With the housing and mortgage markets in turmoil, international trade has emerged as a real bright spot for the U.S. economy. Despite the hand‐wringing from critics, trade is boosting our economy and lifting the incomes and living standards of most Americans.
Booming exports are the most visible way trade has lifted the economy. Exports are growing at a double‐digit pace, with exports to China growing twice as fast as exports overall.
China’s tariffs on goods of most interest to U.S. exporters have dropped from 25 percent in 1997 to 7 percent, thanks to its entry into the World Trade Organization. As a result, China has become a major market for American‐made semiconductors, aircraft, chemicals, plastic materials, and other manufactured goods along with soybeans and cotton. Surging demand in China and other emerging markets is a main reason why American farmers and manufacturers are enjoying record output, sales, and profits.
Critics of trade counter that real wages for American workers have stagnated while the middle class has been squeezed by a loss of jobs to low‐wage competitors such as China and Mexico.

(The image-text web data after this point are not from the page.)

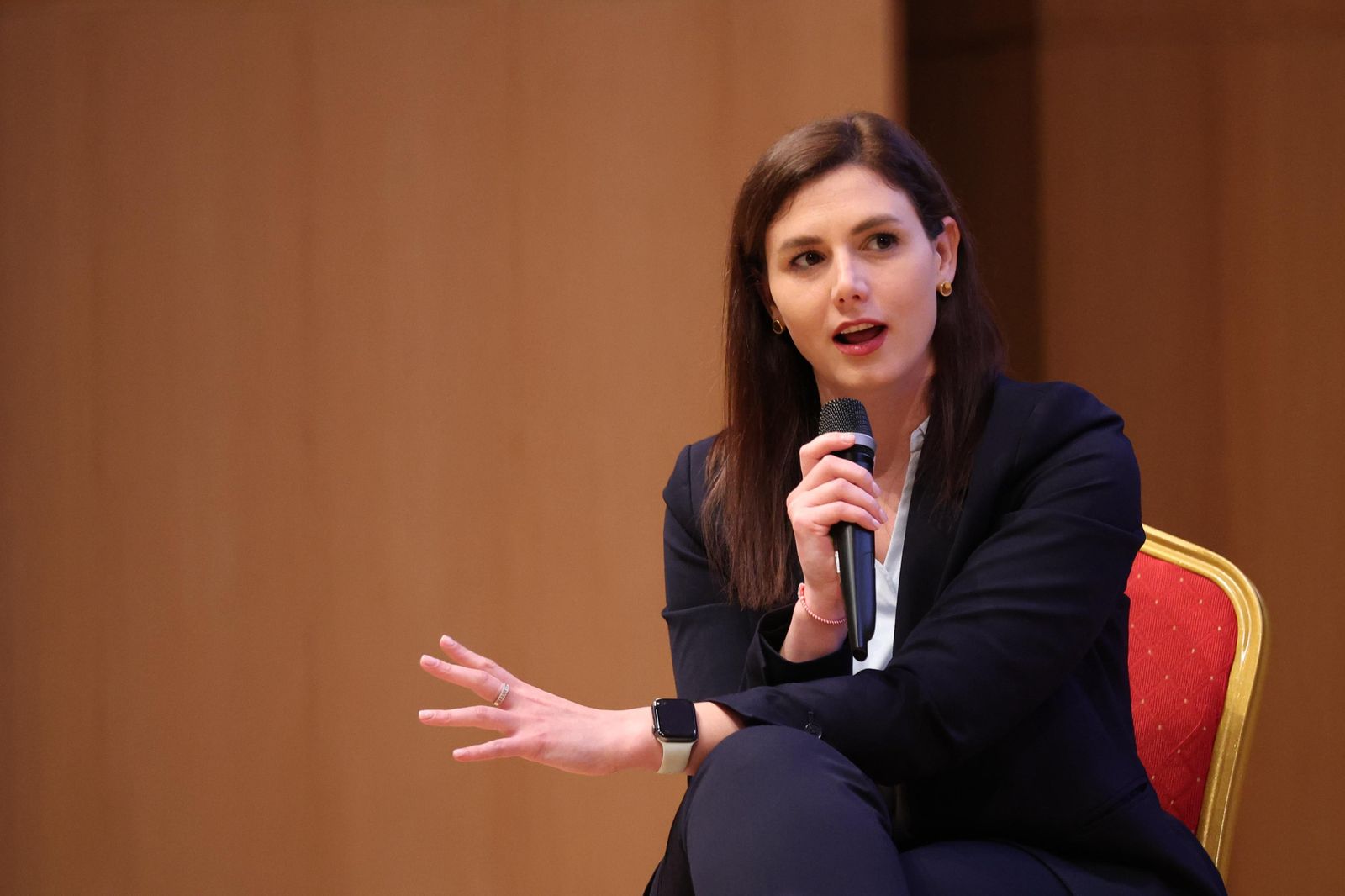 FOTO/ Ministrja Muzhaqi: Konferenca “Rinia në Veprim” bën bashkë 600 të rinj nga gjithë Shqipëri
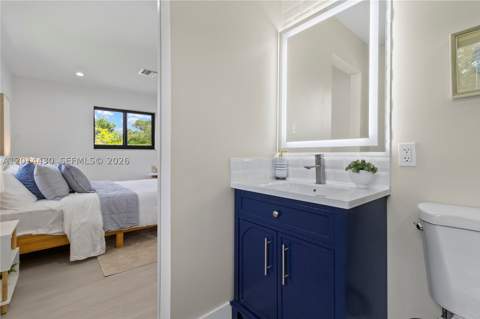 10 NW 100th St, Miami Shores FL - photo 10 of 40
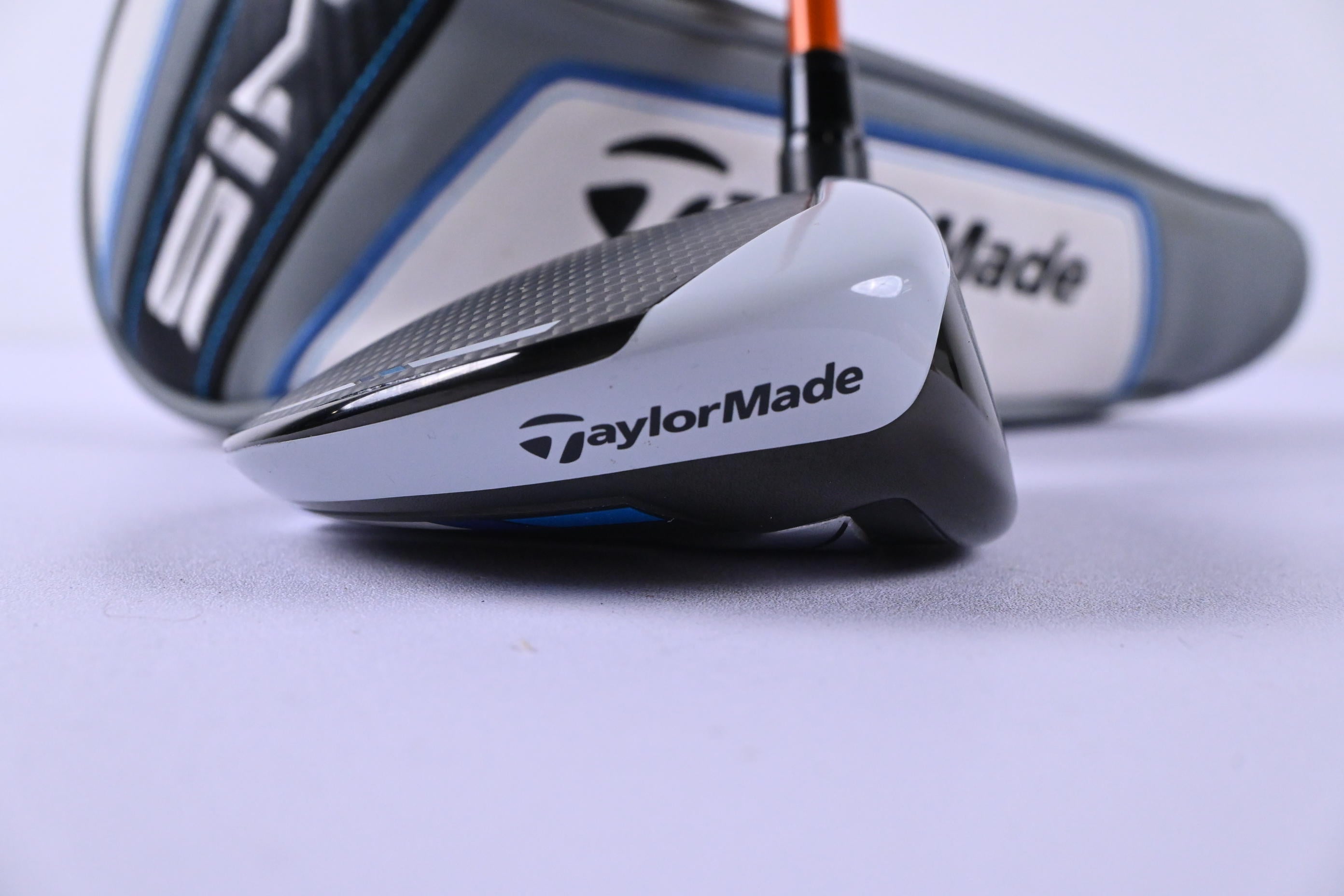 Taylormade SIM Ti #3 Wood / 15 Degree / X-Flex Tour AD DI-7 Orange Shaft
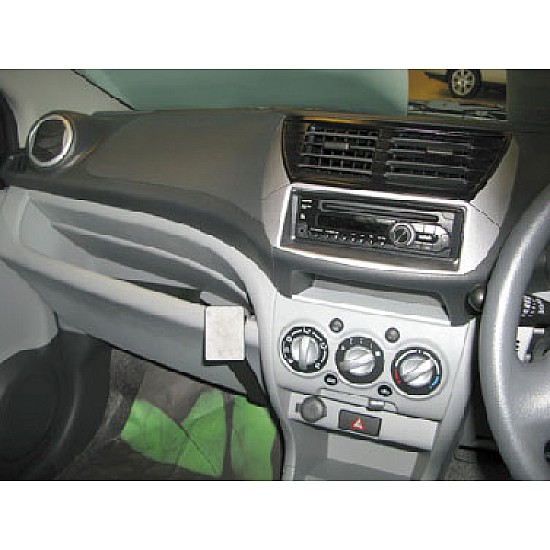 Suzuki Alto Brodit ProClip Mounting Bracket - Angled mount (654336)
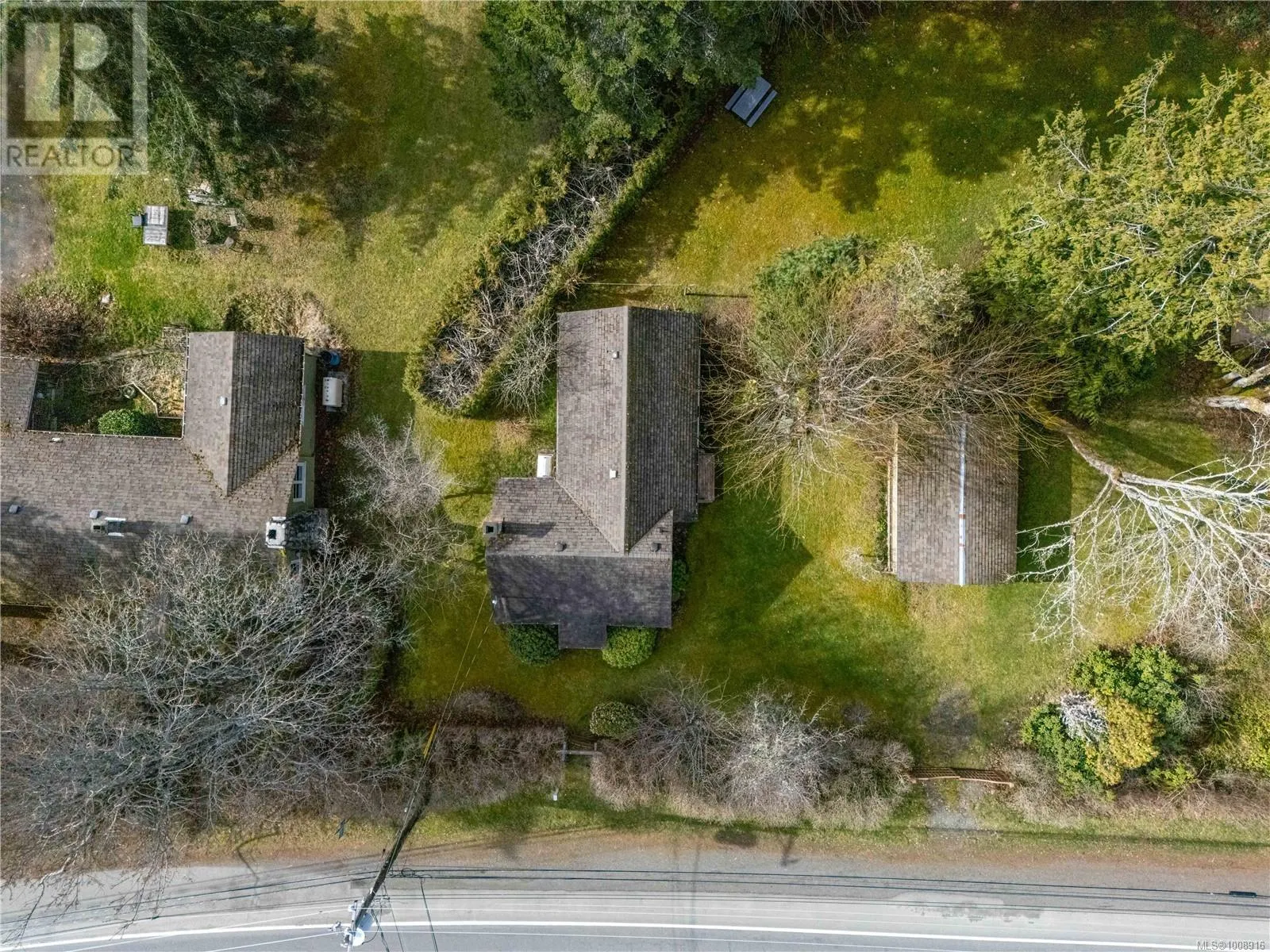 6100 Island Hwy W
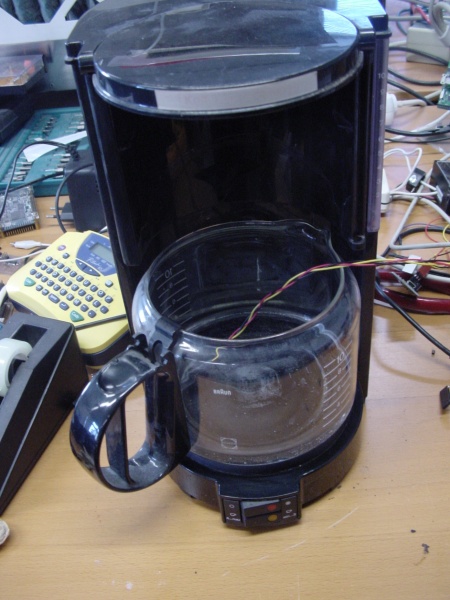 File:Tempcontroller 05 coffee pot.jpg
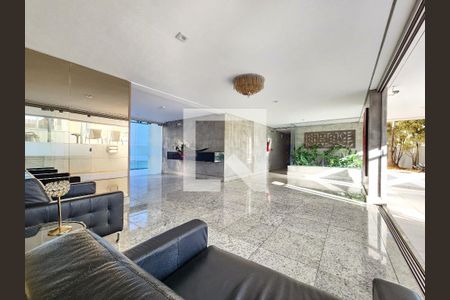 Apartamento à venda com 156m², 4 quartos e 3 vagasHall de entrada do prédio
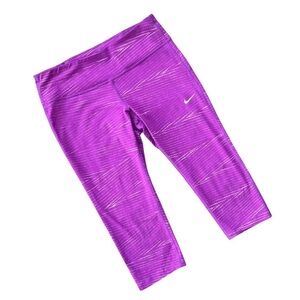 Nike Bright Purple Cropped Athletic Leggings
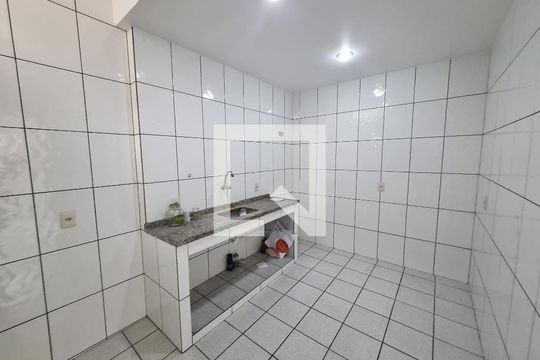 Cozinha de casa para alugar com 1 quarto, 33m² em Vila Kosmos, Rio de Janeiro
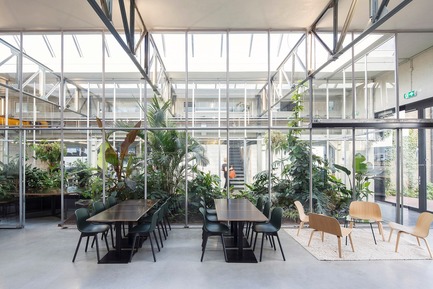 Dossier de presse | 3160-02 - Communiqué de presse | Frame Awards 2018 Winners Announced In Amsterdam - Frame - Design d’intérieur commercial - Space Encounters - Jury Prize for                                                 Emerging Designer of the Year<br> - Crédit photo : Joolz Headquarters, Amsterdam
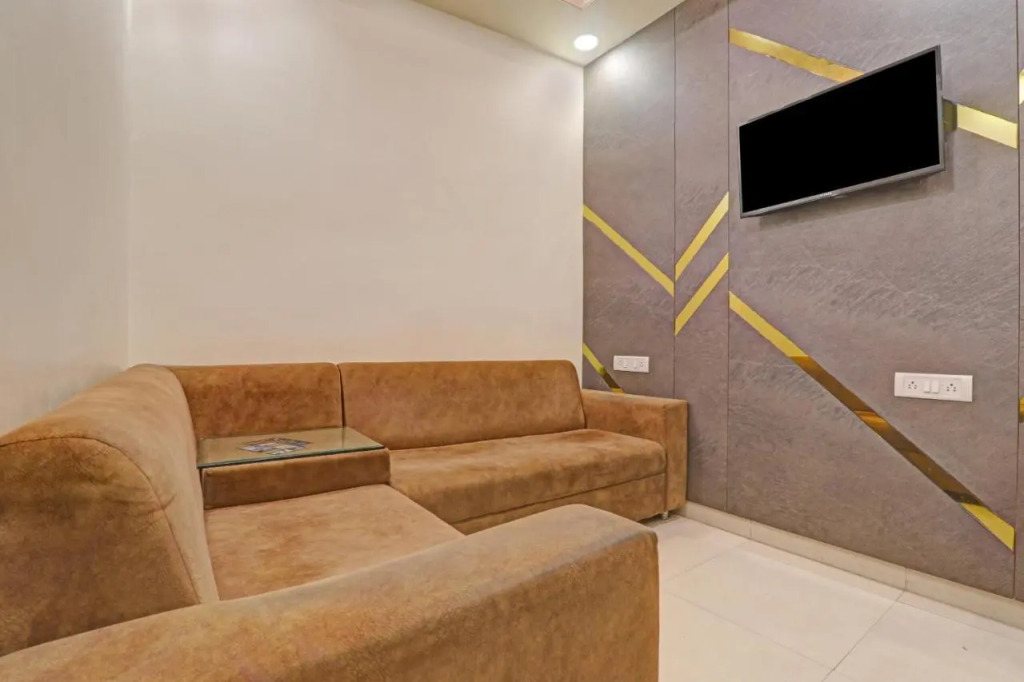 OYO Townhouse 1085 Hotel A Residency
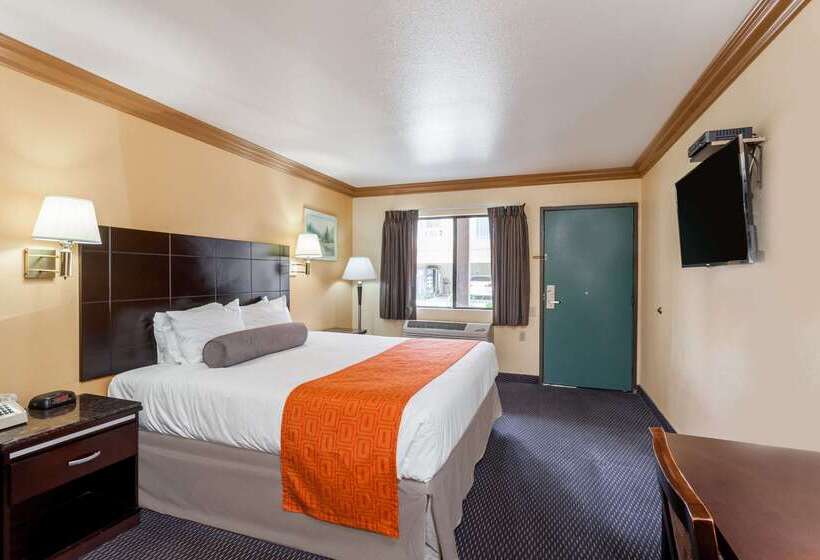 فندق Howard Johnson By Wyndham Norco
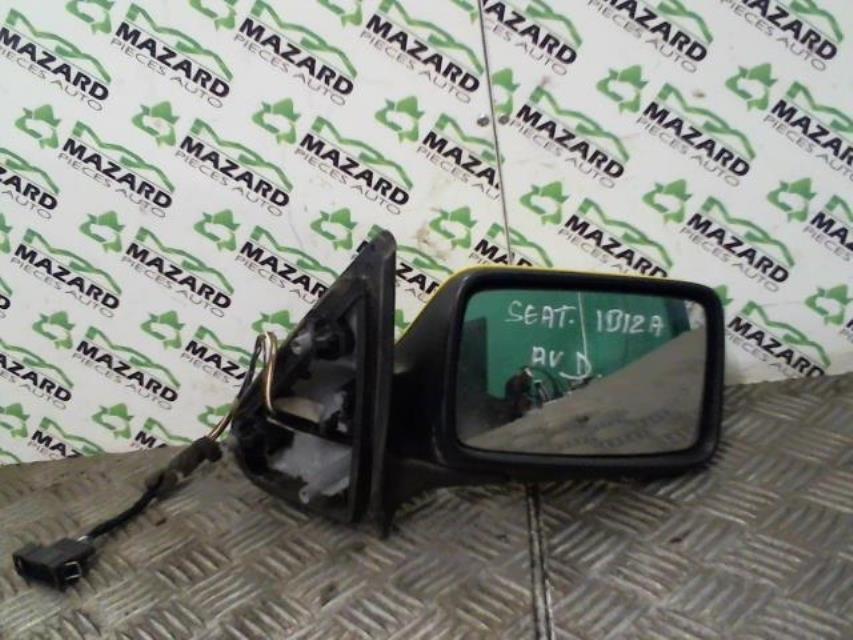 Retrovisor derecho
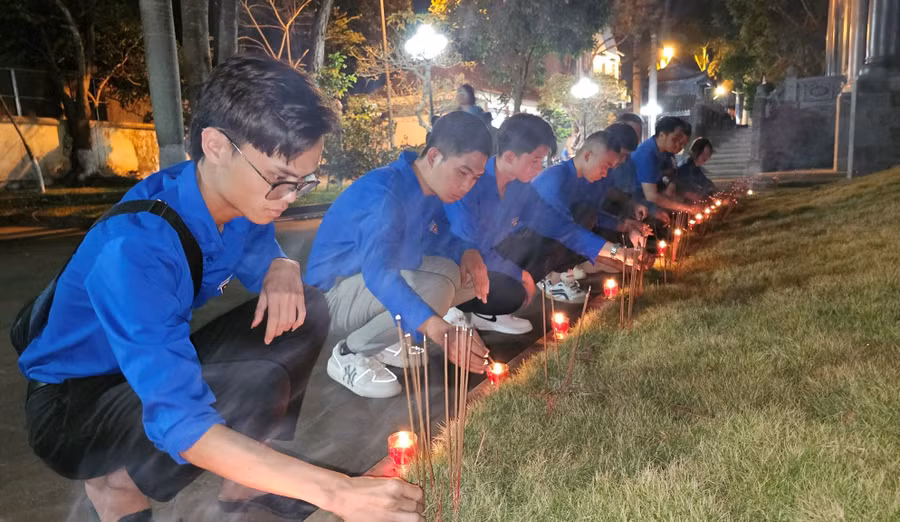 Đoàn viên thanh niên thắp nến tri ân các liệt sĩ tại Di tích lịch sử Đền tưởng niệm mộ liệt sĩ Hội Phú. Ảnh: Phương Dung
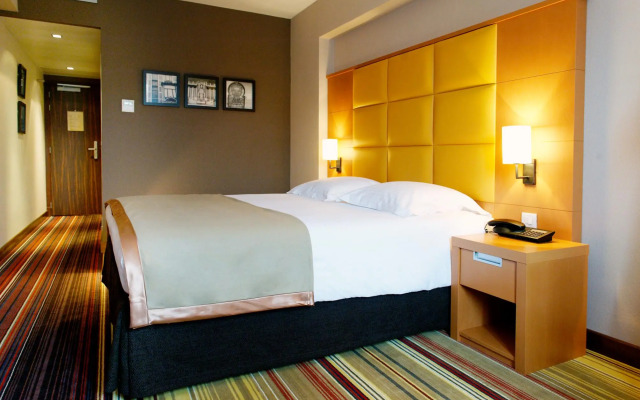 New Hotel Charlemagne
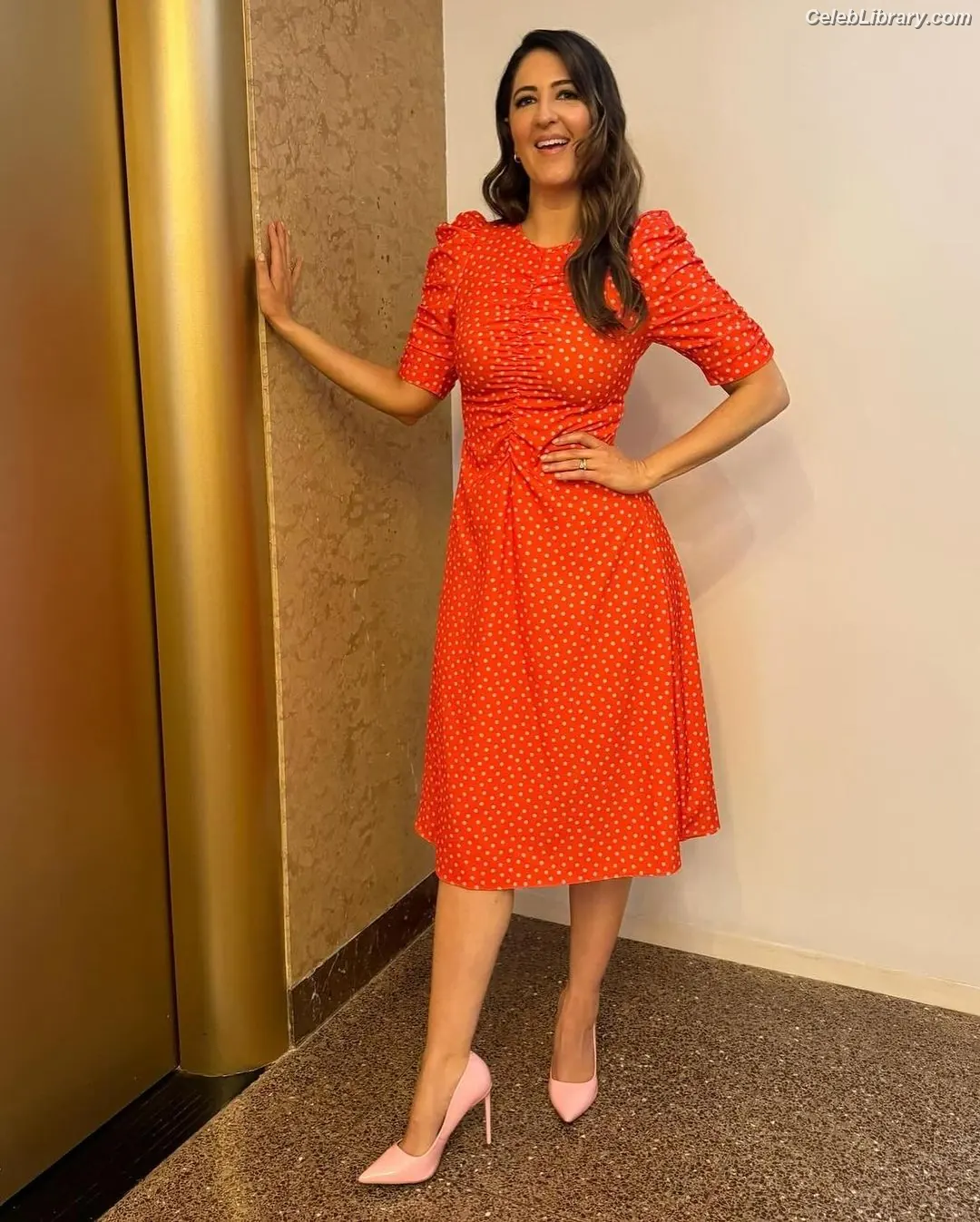 D'Arcy Carden photo 21 of 188
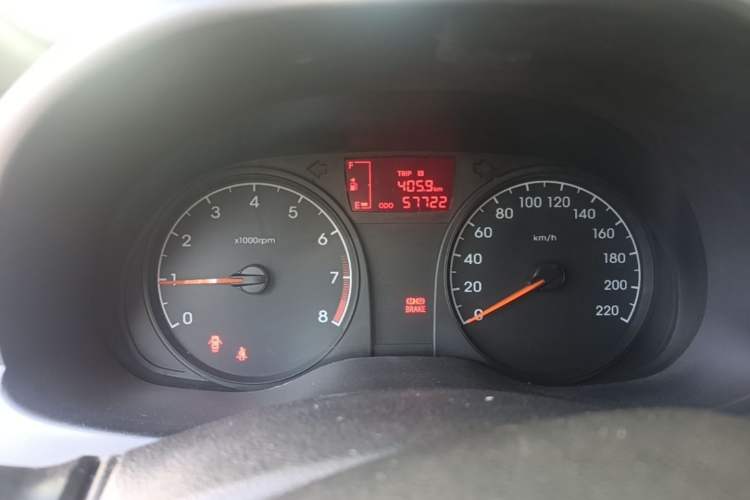 Used Hyundai Verna (older generation) 2014 1.4L Manual Smart GLS Trim Odometer Close Up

Democrats in Congress point to those anxieties to justify their opposition to any meaningful trade‐expanding legislation — including pending free trade accords with South Korea and Colombia and renewal of presidential trade‐promotion authority.
The critics have it all wrong: The middle class isn’t disappearing — it’s moving up. The Census reports that the share of U.S. households earning $35,000 to $75,000 a year (in ’06 dollars) — roughly, the middle class — has indeed shrunk slightly over the last decade, from 34 percent to 33 percent. But so, too, has the share earning less than $35,000 — from 40 percent to 37 percent. It’s the share of households earning more than $75,000 that’s jumped — from 26 percent to 30 percent.
Trade has helped America transform itself into a middle‐class service economy. Yes, the country’s lost a net 3.3 million manufacturing jobs in the past decade — but it’s added a net 11.6 million jobs in service and other sectors where average wages are higher than in manufacturing. Most of these new jobs are in better‐paying categories, like professional and business services, finance and education and health services. Trade accounts for only about 3 percent of annual job displacement in our dynamic economy.
Critics of trade repeat as a mantra that real wages have been stagnant since the 1970s. But the data on real wages exclude benefits — which have been rising as a share of worker compensation. Those data also rely on a cost‐of‐living index that has systematically overstated inflation and thus understated real income gains.
The U.S. Bureau of Labor Statistics reports that the average real hourly compensation earned by Americans has actually grown by 22 percent during the past decade — even as trade and other measures of globalization have grown rapidly.
Trade has brought us lower prices on a broad range of goods — from fruits and vegetables to clothing, consumer electronics and automobiles — stretching the paychecks of U.S. workers.
Household incomes have also been rising. When they point to a small decline in median household income compared to 2000, opponents of trade are cherry‐picking their numbers. That year was the frothy peak of a decade‐long expansion. Use 1996 — the comparable point in the previous business cycle — as the baseline, and you see a 6 percent rise in median income.
Trade and globalization have also helped bolster the balance sheets of American households by delivering higher incomes, lower interest rates and wider investment opportunities. From 1995 to 2004, according to the Federal Reserve Board, the real median net worth of U.S. households jumped by 31 percent, boosted by rising home values and stock prices. (Even with the recent housing slump, average home values remain more than double what they were a decade ago, according to the S&P/Case-Shiller index.)
Thanks to more open capital markets, the inflow of foreign capital to the United States keeps long‐term interest rates almost a full percentage point lower than they would be otherwise, saving the typical homeowner $1,500 in mortgage interest each year.
Convincing Americans that we are worse off than we were in years past has become a popular line of attack against globalization and trade expansion. But trade has played an important part in the positive story of long‐term gains in hourly compensation, household income and net wealth. Turning our backs on the global economy now would put all those gains in jeopardy.
To promote further progress for U.S. workers and their families, Congress and the administration should work together to pursue policies that expand the freedom of Americans to participate in global markets.